Umsatz über 1,8 Mio.

In der Berichts­wo­che vom 16. bis 20. März setz­ten die Ver­mö­gens­ver­wal­tun­gen unse­res Depo­t­aus­schnitts für den News­let­ter mit ihrem Wert­pa­pier­han­del 1,82 Mio. Euro um. Die Assets under Manage­ment in die­sem Aus­schnitt sum­mier­ten sich auf hohe 308,02 Mio. Euro. Regel­mä­ßige Leser unse­res News­let­ters wer­den viel­leicht schon dar­aus den schnel­len Schluss zie­hen: „Dann kann ja die Umsatz­quote nicht allzu hoch gewe­sen sein.“ Und rich­tig lie­gen sie damit.

Denn die Umsatz­quote ist der Quo­ti­ent aus Wochen­um­satz und Depot­vo­lu­men mal 100. Das ergibt für die elfte Woche 0,58 Pro­zent, was deut­lich weni­ger ist als der lang­fris­tige Durch­schnitt der Han­dels­quote, der bei rund 2 Pro­zent liegt. 
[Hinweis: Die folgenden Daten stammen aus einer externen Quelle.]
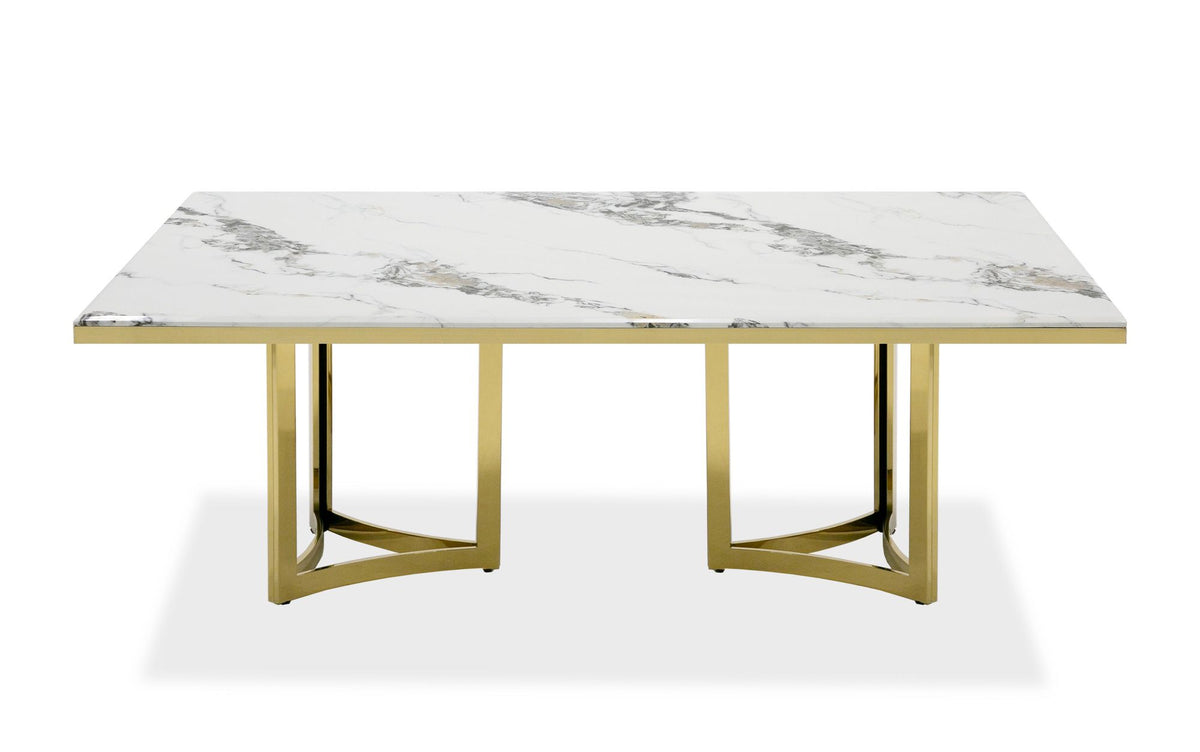 WHITE MARBLE & GOLD DINING TABLE 1301-VIG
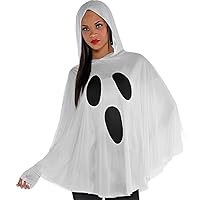 White Ghost Poncho for Adults - One Size (Pack of 2) - Spooky Halloween Costume Accessory & Easy Party Dress-up for Haunted House & Ghostly Themed Props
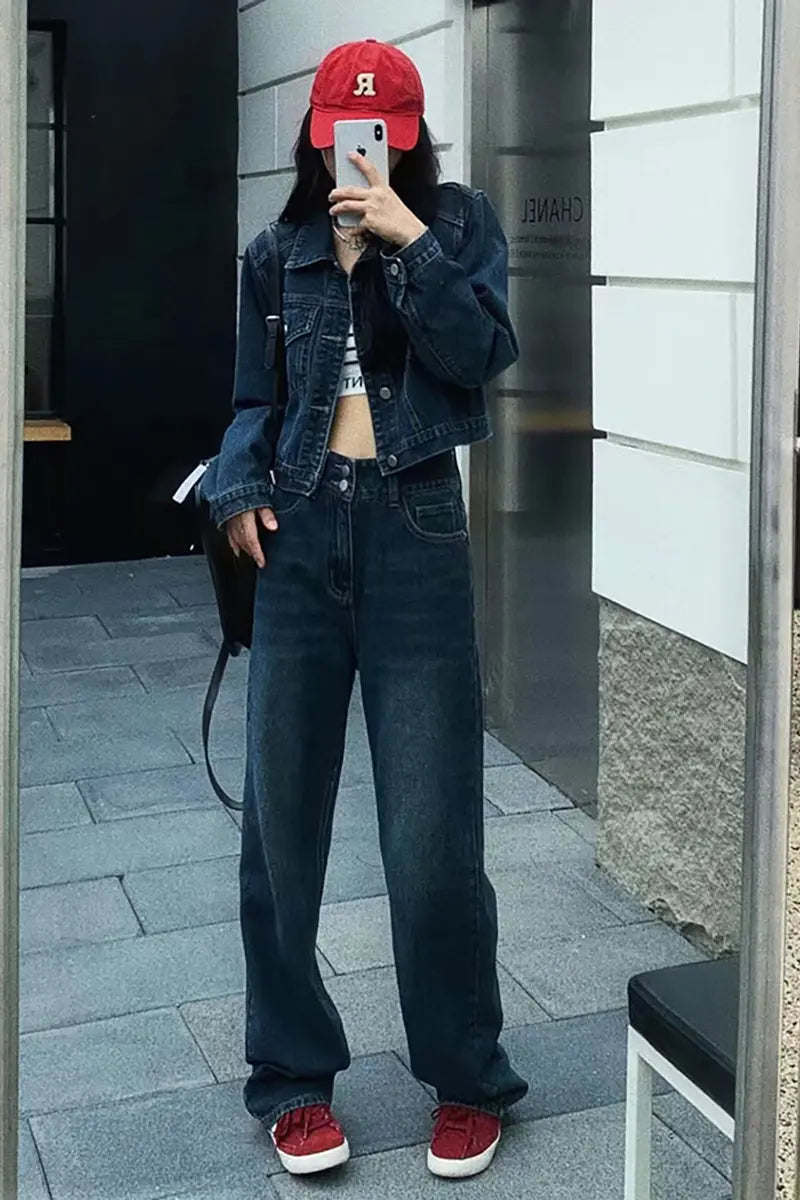 Chic Denim Two-Piece Set
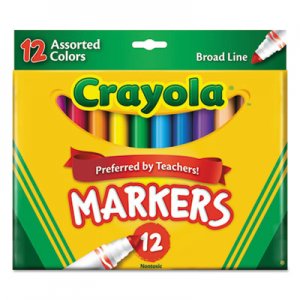 Crayola CYO587712 Non-Washable Markers, Broad Point, Assorted Colors, 12/Set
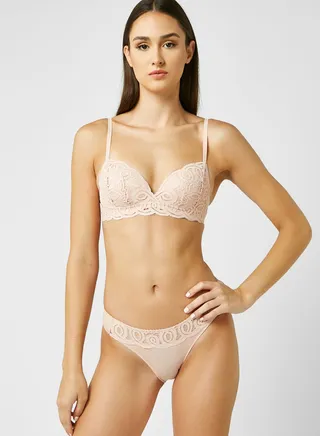 Lace Detail Push Up Bra & Hipster Brief Set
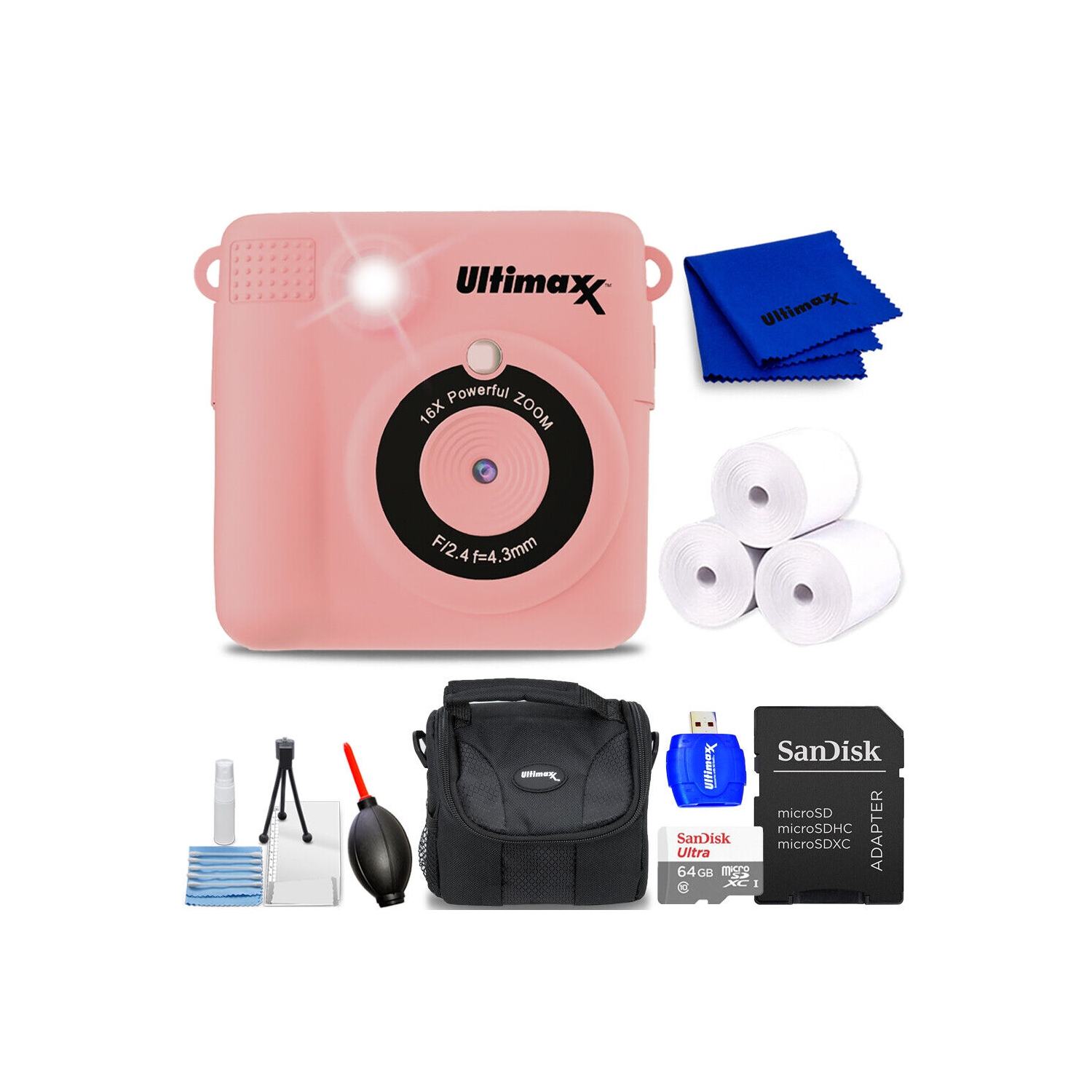 Ultimaxx Instant Print Camera for Kids Teens ages 8-12 Beginners with 3 Printing Paper Rolls 32GB Micro SD Holiday Christmas Gift Bundle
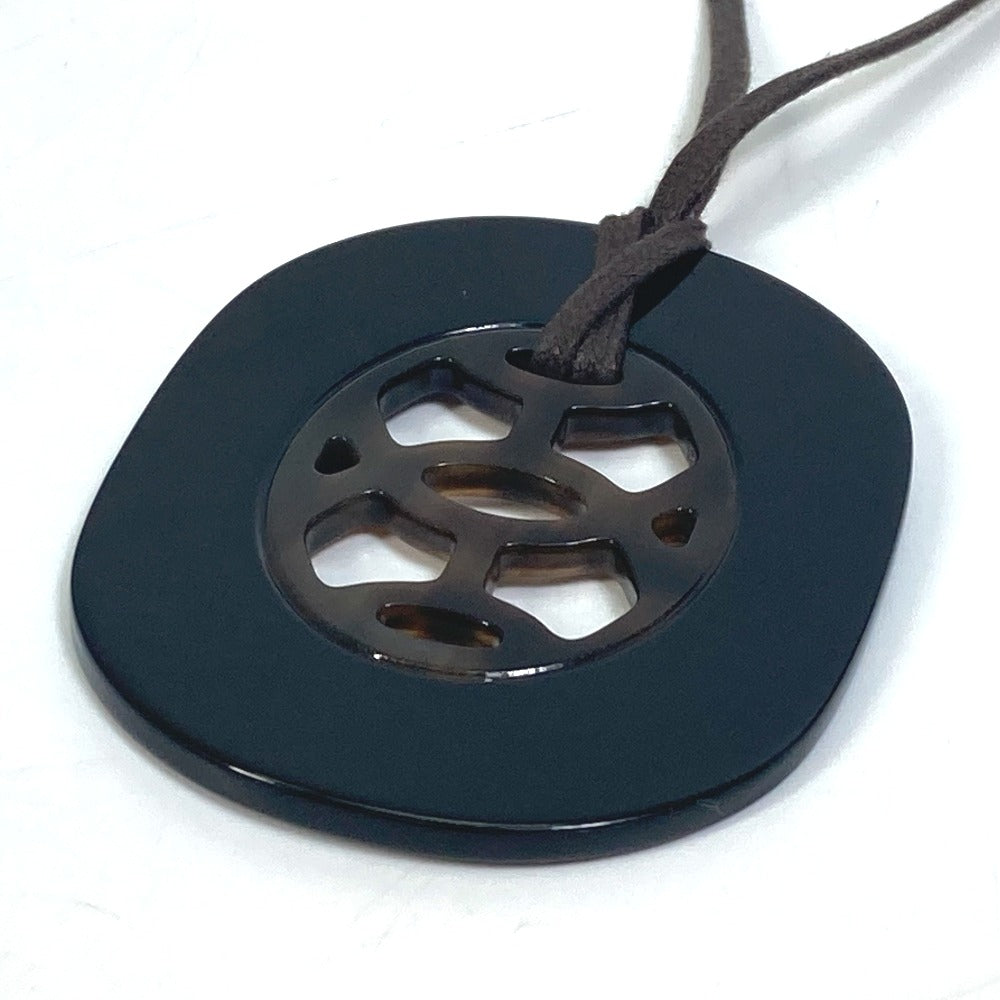 HERMES Necklace Buffalo horn Black gray type & brown type Lift PM Women Used Authentic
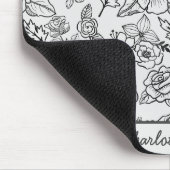 フローラシームレスパターン黒と白パーソナライズされた マウスパッド (コーナー)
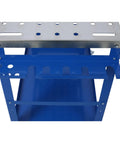Heavy Duty Steel Welding Table 36 By 18 Inch Shop Workhorse On Wheels With 1200 Pound Capacity Lockable Rolling Casters Built In Tool Tray top view of blue frame with metal surface and tool slots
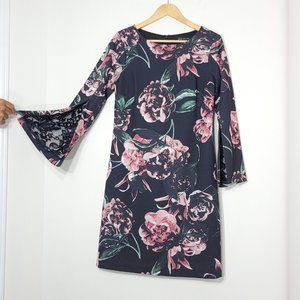 JAX Black Label Women Lace Black Pink Floral Bell Long Sleeve Round Neck Dress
Rohstoff-​​Segment in der lan­gen Frist

Roh­stoff­preise bestim­men der­zeit mas­siv die Sor­gen­fal­ten welt­weit, allen voran die der (zäh-)flüssigen und gas­för­mi­gen Koh­len­was­ser­stoffe. Wir wol­len hier jedoch auf das Roh­stoff­seg­ment aus der Per­spek­tive von Anle­gern mit ultra­l­an­gem Atem schauen. Eine Stu­die zeigt, dass von 1877 bis 2022 Ein­zel­roh­stoffe im Durch­schnitt auf Spot­märk­ten schlech­ter abschnit­ten als Cash (Ren­dite bei minus 1,2% per annum) und dass es bei Rohstoff-​​Futures nur mini­mal bes­ser lief (plus 0,4% p.a.).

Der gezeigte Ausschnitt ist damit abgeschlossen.